Source material.
_ _ _ _

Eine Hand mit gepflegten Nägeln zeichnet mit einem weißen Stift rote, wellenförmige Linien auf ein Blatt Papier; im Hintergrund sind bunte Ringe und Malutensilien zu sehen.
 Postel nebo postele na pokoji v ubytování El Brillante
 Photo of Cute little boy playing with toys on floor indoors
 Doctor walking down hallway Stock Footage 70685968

_ _ _ _

What the exercise asks. Word for word, transcribe the entire listing shown above.

Solution.
Eine Hand mit gepflegten Nägeln zeichnet mit einem weißen Stift rote, wellenförmige Linien auf ein Blatt Papier; im Hintergrund sind bunte Ringe und Malutensilien zu sehen.
 Postel nebo postele na pokoji v ubytování El Brillante
 Photo of Cute little boy playing with toys on floor indoors
 Doctor walking down hallway Stock Footage 70685968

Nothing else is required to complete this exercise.